Liputan6.com, Jakarta Perhimpunan Survei Opini Publik Indonesia (Persepi) mulai ditinggal anggotanya. Pertama, Poltracking Indonesia menyatakan keluar. Kemudian diikuti Parameter Politik Indonesia (PPI), dan selanjutnya Voxpol Center Research and Consulting. Tiga lembaga survei itu keluar dengan alasan berbeda.
Keputusan Poltracking untuk hengkang dari Persepi bukan tanpa sebab. Tindakan itu diambil lantaran mereka merasa tidak diperlakukan secara adil oleh Persepi, terkait keputusan Dewan Etik yang memberi sanksi karena beda hasil survei Pilkada Jakarta 2024 dengan Lembaga Survei Indonesia (LSI).
Baca Juga
Poltracking menilai ada ketidakadilan dalam proses pemeriksaan dan pengambilan keputusan oleh Dewan Etik Persepi.
Advertisement
"Kami merasa diperlakukan tidak adil. Sejak hari ini kami telah memutuskan keluar dari keanggotaan Persepi. Kami keluar dari Persepi bukan karena melanggar etik," ujar Direktur Poltracking Indonesia, Masduri Amrawi, dalam keterangan tertulisnya, Selasa, 5 November 2024.
Masduri menilai, Dewan Etik Persepi tidak adil dalam memutus perkara perbedaan hasil antara LSI dan Poltracking.
Dijelaskan Masduri, berdasarkan rilis yang dikeluarkan Persepi terkait keputusan Dewan Etik, pada poin 1, Persepi hanya menjelaskan pemeriksaan metode dan implementasi dari LSI dapat dianalisis dengan baik.
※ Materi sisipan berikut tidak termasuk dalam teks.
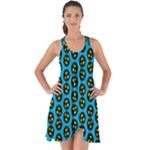 0059 Comic Head Bothered Smiley Pattern Show Some Back Chiffon Dress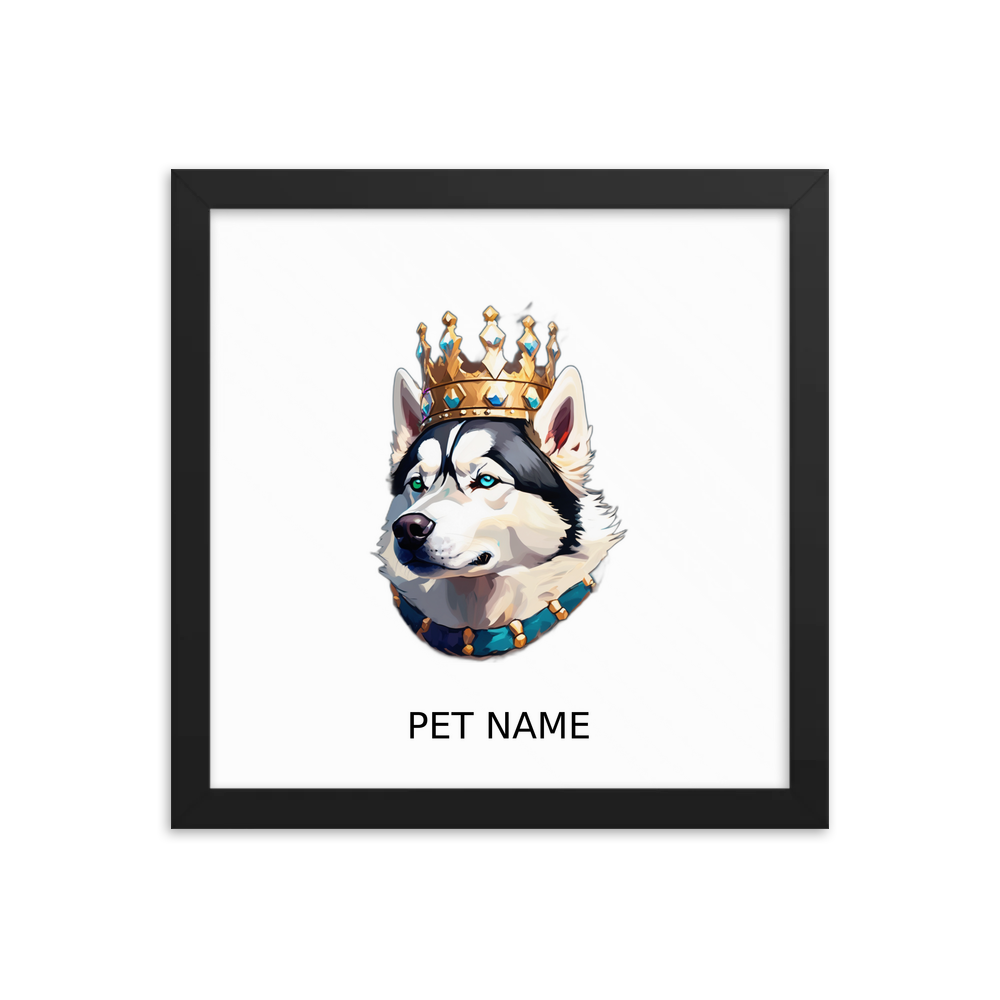 PugMug Custom Siberian Husky Framed Print with Your Pet’s Name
Tapi, kata Masduri, tidak dijelaskan bagaimana dan kenapa metode dan implementasinya dapat dianalisis dengan baik.
"Lebih jauh lagi hasil analisis tersebut juga tidak disampaikan ke publik. Bagi kami ini penting juga untuk disampaikan ke publik, tetapi Dewan Etik Persepi tidak melakukan ini," kata Masduri.
Menurut Masduri, salah satu pembahasan yang muncul pada saat pertemuan Dewan Etik pertama adalah cerita tentang LSI melakukan penggantian beberapa Primary Sampling Unit (PSU), sekitar 60 PSU (50%) Survei LSI di Pilkada Jakarta.
Masduri menilai, hal itu penting juga disampaikan ke publik, karena penggantian PSU memiliki konsekuensi terhadap kualitas data.
Masduri menjelaskan, sejak awal Poltracking telah menyerahkan 2.000 data yang diolah pada survei Pilkada Jakarta 2024. Lalu Dewan Etik meminta raw data dari dashboard, data lalu kirimkan pada tanggal 3 November 2024. Dia memastikan tidak ada perbedaan antara dua data tersebut.
"Dewan Etik merasa tidak bisa memverifikasi data Poltracking. Padahal jelas, kami sudah menyerahkan seluruh data yang diminta dan memberikan penjelasan secara detail. Raw data sudah dikirimkan. Hanya Dewan Etik meminta raw data dari dashboard supaya dapat dibandingkan dengan data yang sudah dikirimkan sejak awal. Itu sudah kami serahkan semua," jelas Masduri.
"Kami sudah mengirimkan pada tanggal 31 Oktober 2024. Tidak ada permintaan secara spesifik mengenai lampiran raw data dari dashboard," tegas Masduri.
Poltracking Indonesia juga sudah menjelaskan ke Dewan Etik Persepi bahwa surveinya menggunakan aplikasi, bukan lagi survei manual menggunakan kuesioner kertas.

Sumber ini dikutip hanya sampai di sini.